* ASSIGNED TASK
Quote the material exactly from the line that contains "Usata Mercedes A180" through its last line. Any pictures are to be left out.

* DATA IN THIS EXERCISE
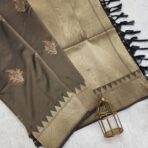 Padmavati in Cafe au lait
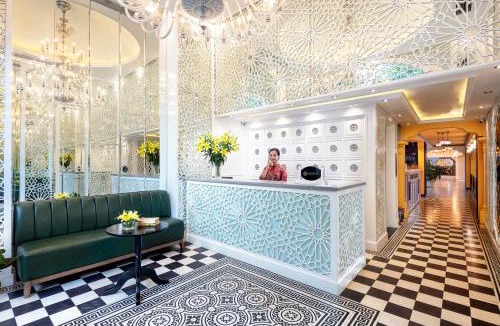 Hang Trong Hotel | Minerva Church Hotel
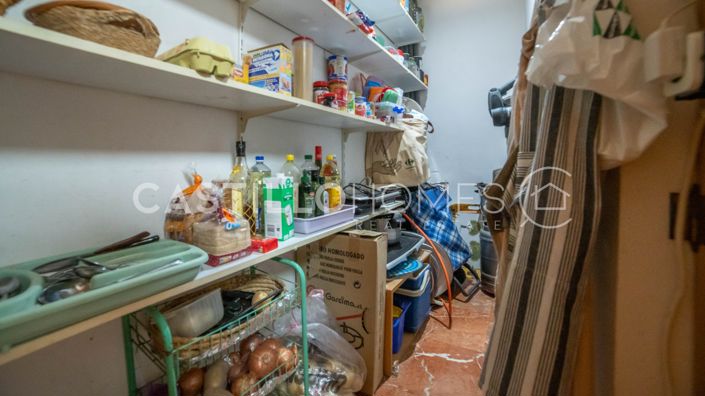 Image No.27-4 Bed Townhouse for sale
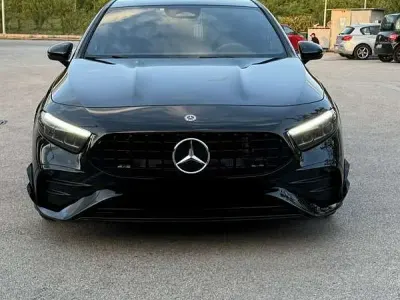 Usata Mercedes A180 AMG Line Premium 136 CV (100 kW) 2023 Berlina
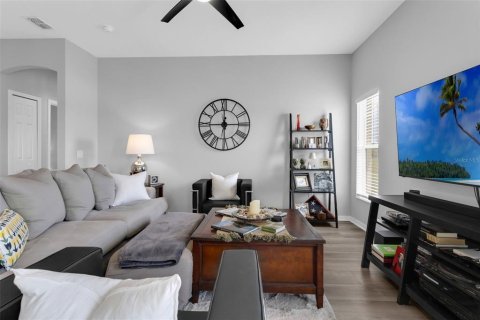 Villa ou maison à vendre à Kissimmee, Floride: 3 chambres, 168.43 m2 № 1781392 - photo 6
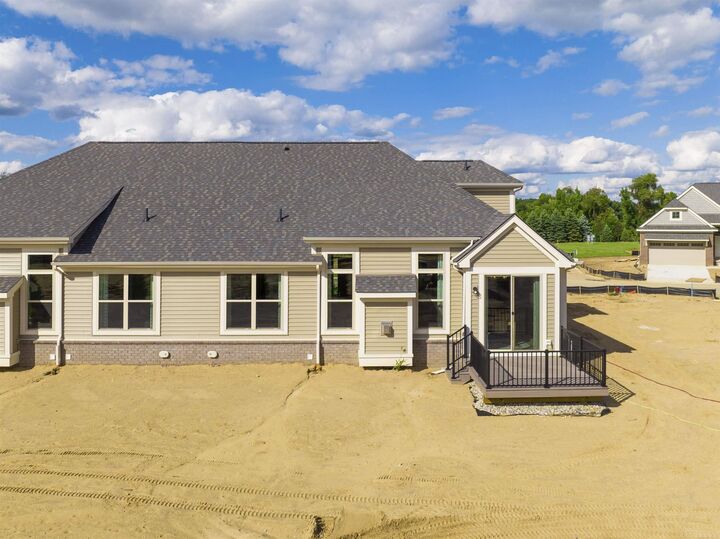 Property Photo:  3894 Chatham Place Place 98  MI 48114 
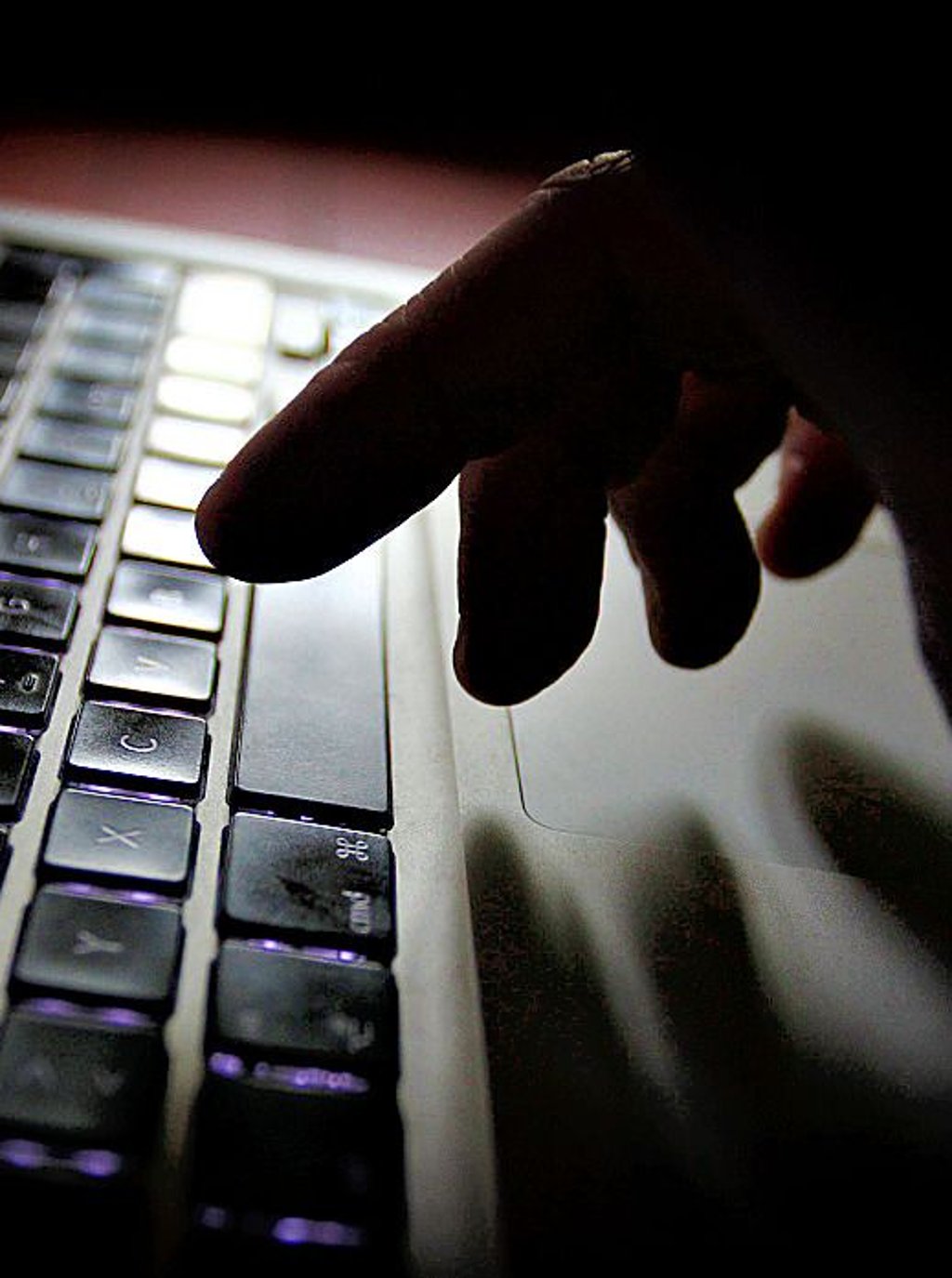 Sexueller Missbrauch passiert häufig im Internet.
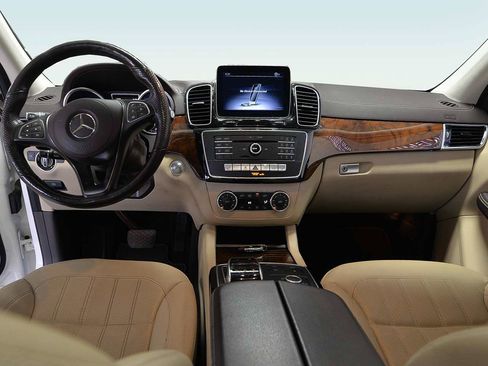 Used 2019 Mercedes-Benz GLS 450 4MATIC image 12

* SOLUTION TO THE EXERCISE
 Usata Mercedes A180 AMG Line Premium 136 CV (100 kW) 2023 Berlina
 Villa ou maison à vendre à Kissimmee, Floride: 3 chambres, 168.43 m2 № 1781392 - photo 6
 Property Photo:  3894 Chatham Place Place 98  MI 48114 
 Sexueller Missbrauch passiert häufig im Internet.
 Used 2019 Mercedes-Benz GLS 450 4MATIC image 12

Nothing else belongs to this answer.